I grew up in a religious and political environment where we were taught to think in terms of “Us vs. Them.” But you talk in A Public Faith about “negotiating disagreement and conflict in mutual respect.”  Do you think this respectful negotiation is really possible?

If one looks at the North American scene today, particularly the United States, one might think that it isn’t possible. I’m hopeful – and that is in many ways the thrust of the book – that we can both affirm our own distinct characteristics and look for commonalities, while respecting other people.

1st Peter 2:17 says “Respect everyone.” Everyone. That is a universal demand for respect, meaning also those who differ from you. This is a fundamental moral conviction of the Christian faith: every person, on account of being created in God’s image, deserves respect, even those with whom we profoundly disagree.

The principals you describe in A Public Faith do seem applicable to domestic American politics, which, while not likely to end in full-scale violence, are still fraught with meanness, fear, and distrust.

I think they are applicable. I think we are witnessing a kind of spirit of meanness, as you put it, a win-at-all-costs attitude that is poisoning the political atmosphere, making debate on central issues that move and are important in people’s lives, very difficult if not impossible. I think for the sake of truth-seeking debate – for the sake, if you want, of the proper conduct of political conflict – we need respect of other people, including people of other religions.

Here too I would say we need to steer away from a false harmony where conflict in the public realm is deemed, to start with, unacceptable, so that one functions with some kind of account of social relationships that are, from the start, harmonious. They will be, we hope, in the world to come. But social relationships are conflict-ridden.

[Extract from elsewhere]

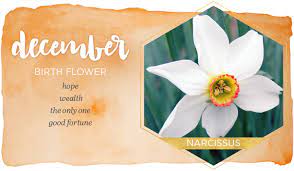 Whenever i give flowers or birthstone gifts, i like to include the meanings behind them… so here is some info for you to use! Birth Month Flowers And Their Meanings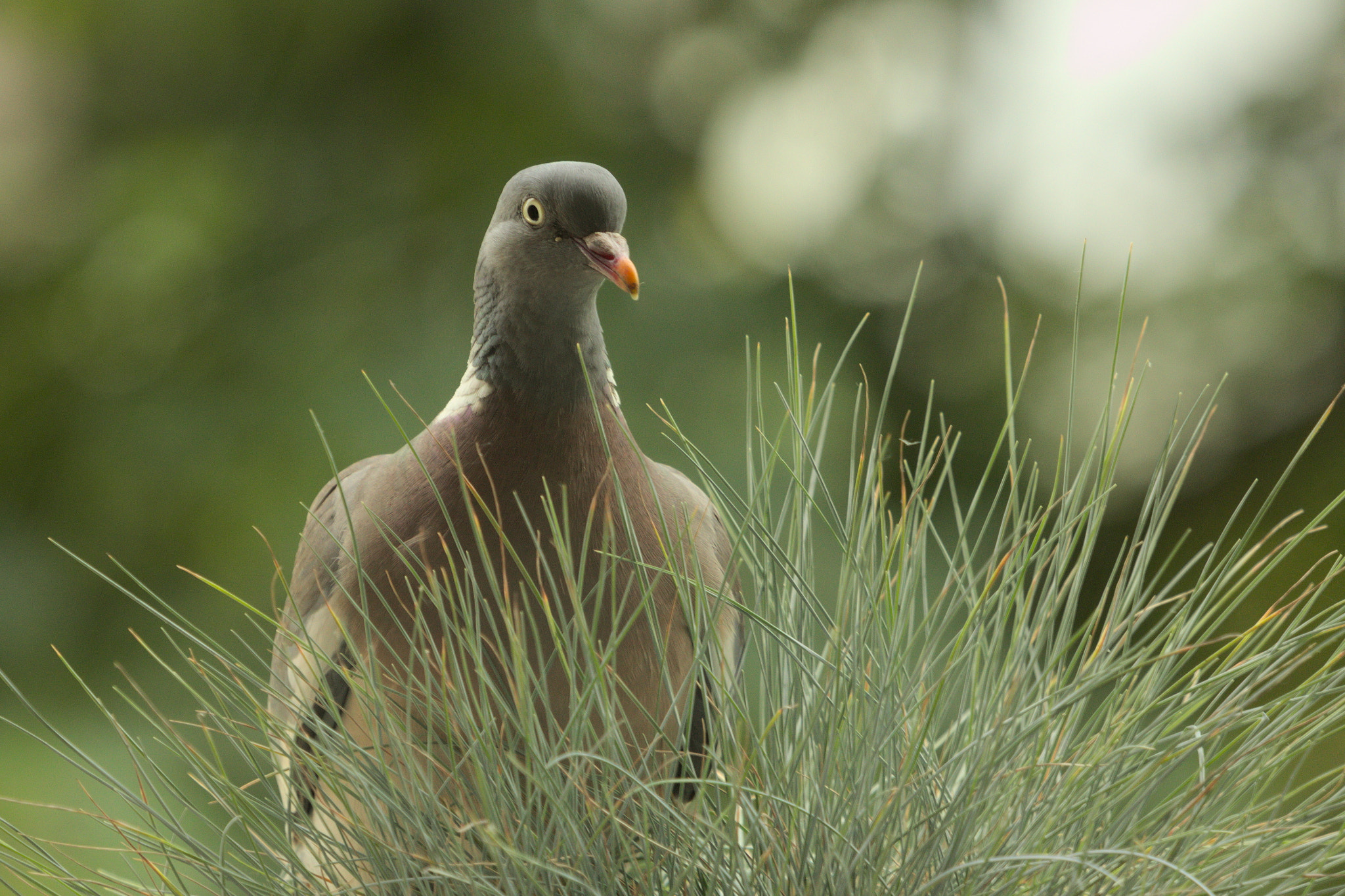 Canon EOS 60D + Canon EF 100-400mm F4.5-5.6L IS USM sample photo. Camping pigeon photography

One extreme is this presumption of harmoniousness, the other is the conduct of culture wars. We need something between those two. And what we need is for public conflicts and arguments to be carried on in respect.

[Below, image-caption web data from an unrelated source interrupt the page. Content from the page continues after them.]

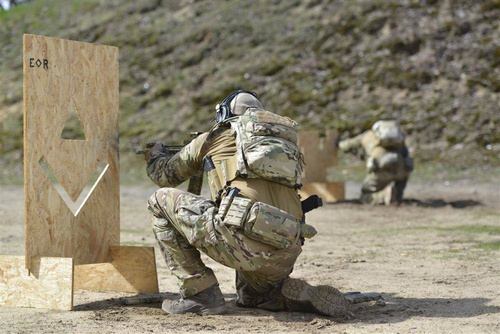 Підсумки медичні - Direct Action - Аптечка першої допомоги Med Pouch Horizontal Mk II® - PenCott WildWood - PO-MDH2-CD5-PWW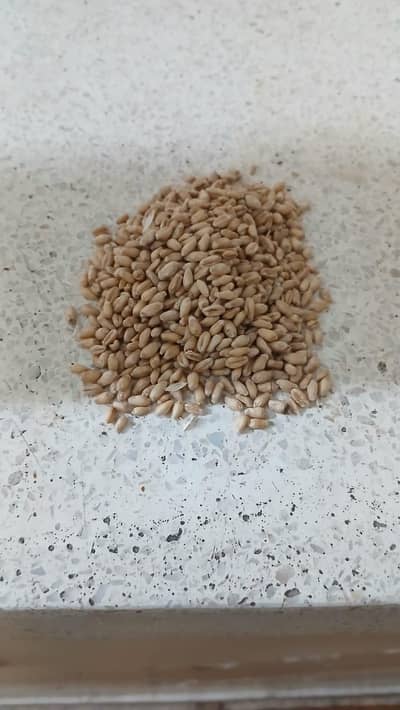 Gandum | High Quality Wheat
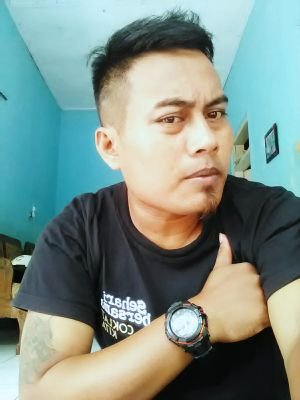 elsoed zenit Profile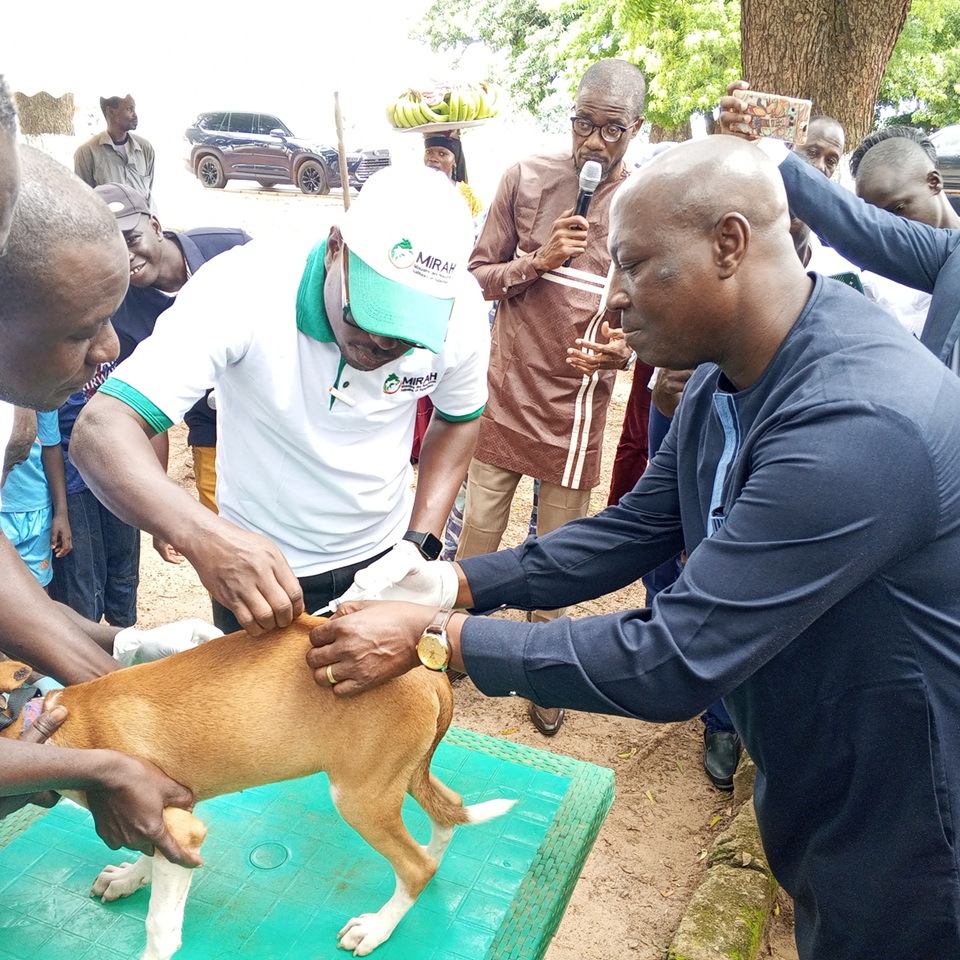 Côte d’Ivoire-AIP/Une campagne gratuite de vaccination des chiens lancée pour prévenir la rage à Sinématiali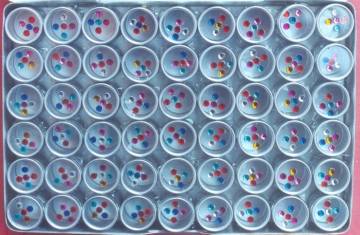 BOX BINDI ( BB-001 )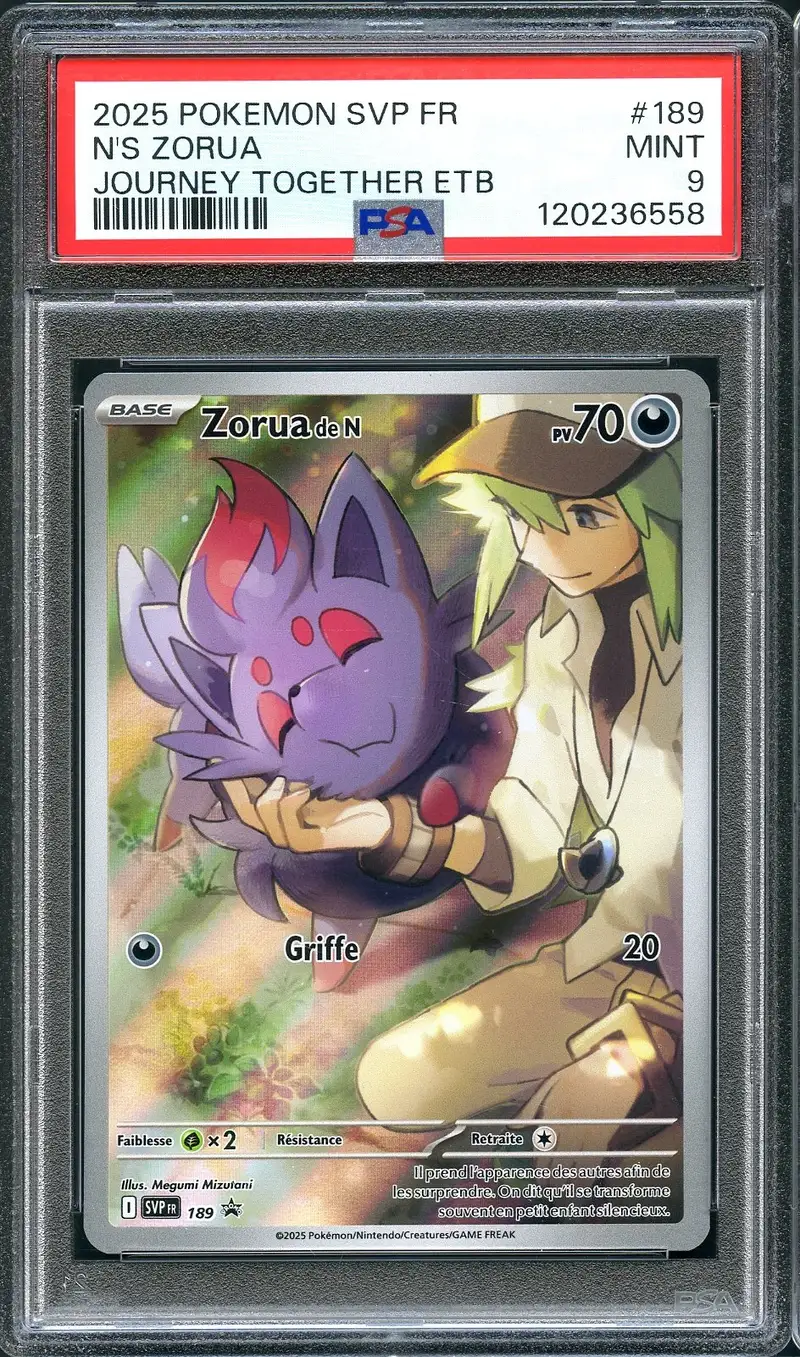 PSA 9 Zorua de N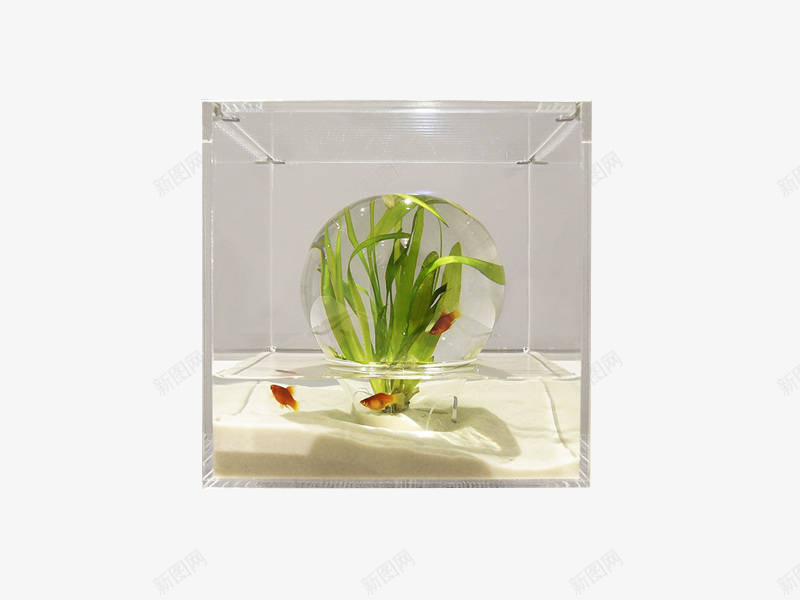 透明罩子里的植物照片png免抠素材_88icon https://88icon.com 植物 正方体罩子 透明玻璃 通透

We are entering a presidential election year, when politics seem to be in the very atmosphere. What kinds of conversations should pastors and other church leaders be having with their congregations during this time, especially around the idea of working with others – other religions, people with different political views – toward the common good? Put simply, what advice on this topic do you have for church leaders?

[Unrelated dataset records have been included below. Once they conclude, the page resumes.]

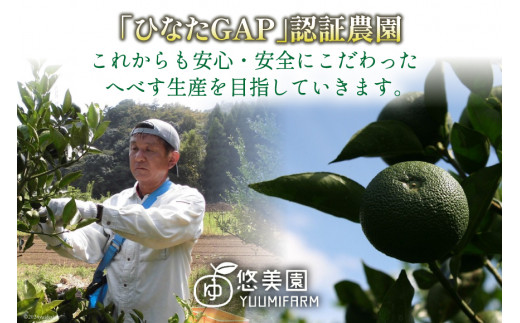【期間限定発送】 へべす ひなたGAP認定 ふぞろい 2kg [へべすの悠美園 宮崎県 日向市 452060725] ヘベス 宮崎 果物 フルーツ くだもの 柑橘 ポン酢 調味料 果汁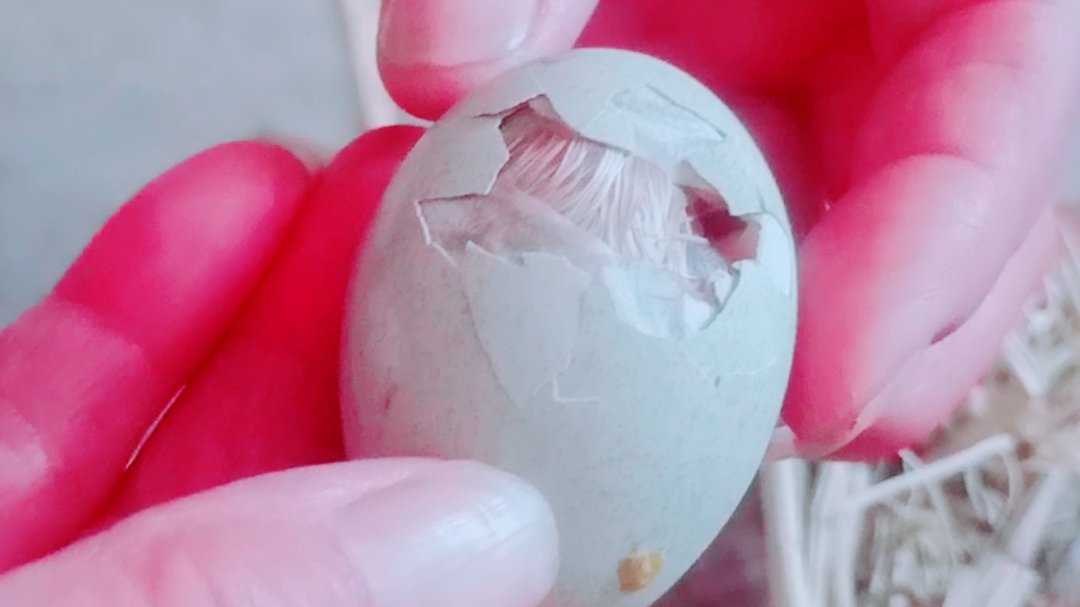 刚孵出来的小鸡宝宝真是可爱,看看母鸡妈妈是怎么照顾它的宝宝的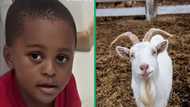 South African boy watches cartoons with his goat pet in a hilarious TikTok video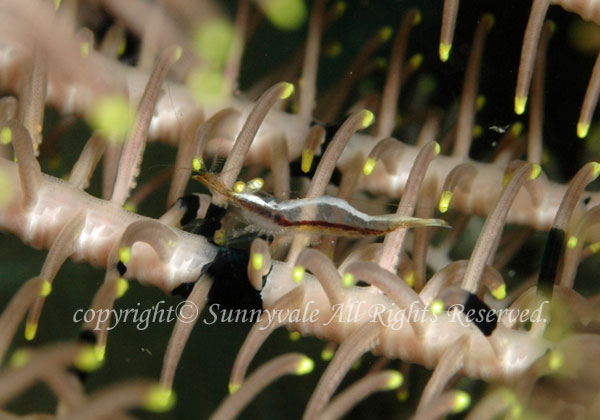 アンボンウミシダヤドリエビ 学名:Periclimenes affinis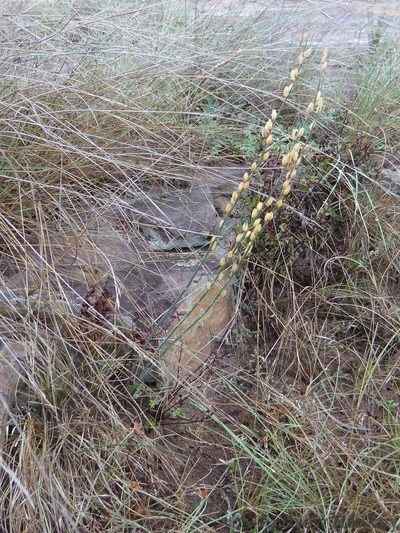Zulusia edwardsii, photographed by Andrew Hankey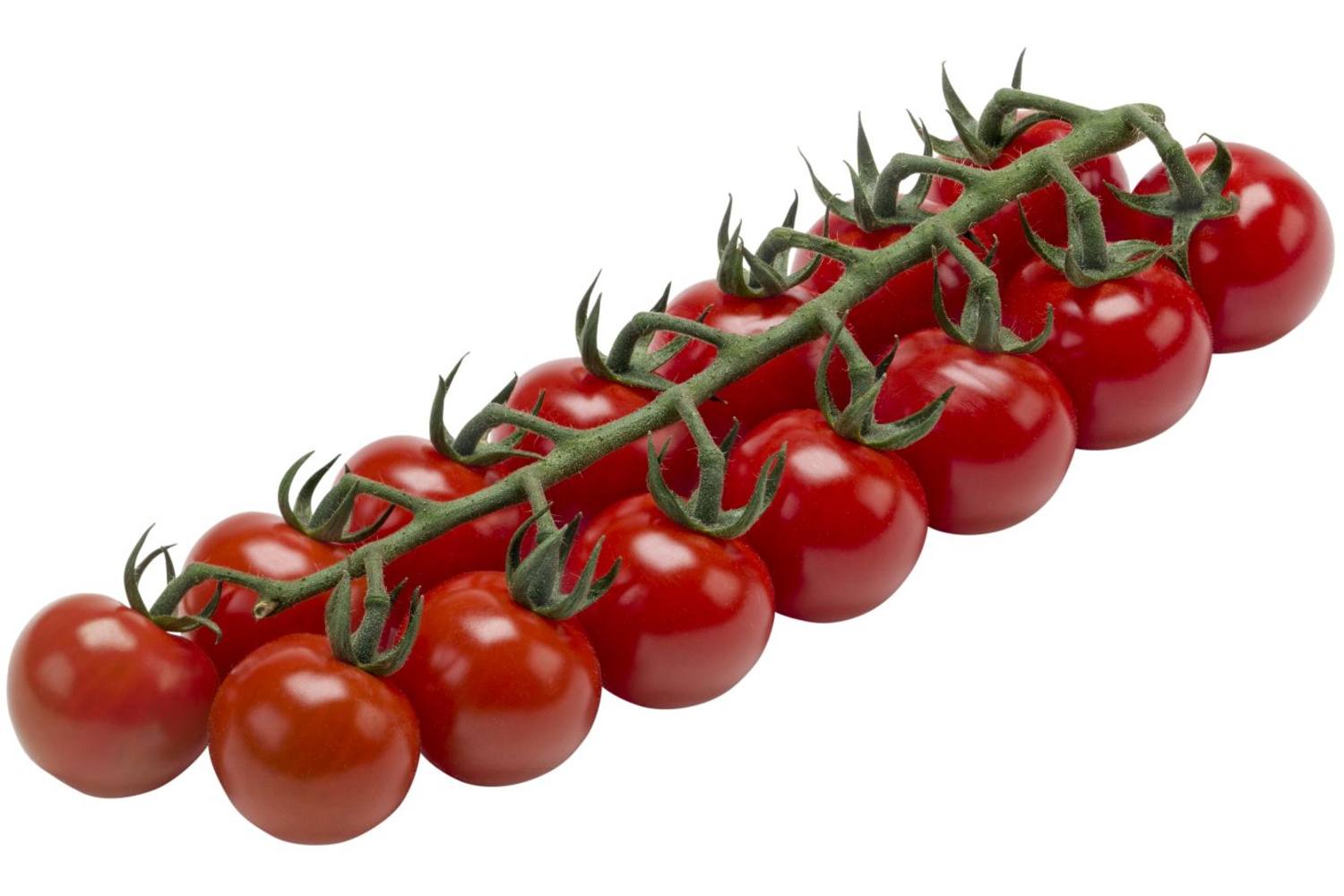 Tomaat Cherry pot 250gr BE 9ST BIO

While being mindful and holding on to specific differences, don’t forget to seek the common ground. You don’t betray your faith by seeking common ground. The more you can genuinely, truthfully agree with another person the better on the whole things are. You are not a winner by being different. You are a winner by following where the truth leads, whether that is difference or commonality.

The other [message for church leaders] would be to learn how to disagree in respect, to listen to the argument, to learn from the argument, and to present one’s position in a way that takes into account people’s aspirations, hopes, and fears.

You’re making it clear that seeking common ground is not the same as compromise.

The two are very distinct.

Seeking common ground is an expression of truth-seeking. Some people have the attitude that to be different is somehow value – in the sense of, “I enhance the character of my own faith the more different it is from all other faiths.” This attitude amounts to difference for difference’s sake. I value differences, but I simply say that I am interested in the truth. If the truth of my faith overlaps with the truths of other faiths, so much the better. This approach is informed, if you want, by the spiritual conviction that we ought to rejoice in the truth, wherever truth is found.

I don’t think there is much space for compromise in strictly the issues of faith. There is compromise at the political level, there is compromise in business negotiations, there is compromise in all sorts of areas of life. But it’s not like you can create an amalgam of faiths by conducting ecumenical negotiations and figuring out comprise positions. That would be a worst possible ecumenism and disrespectful to the faiths themselves.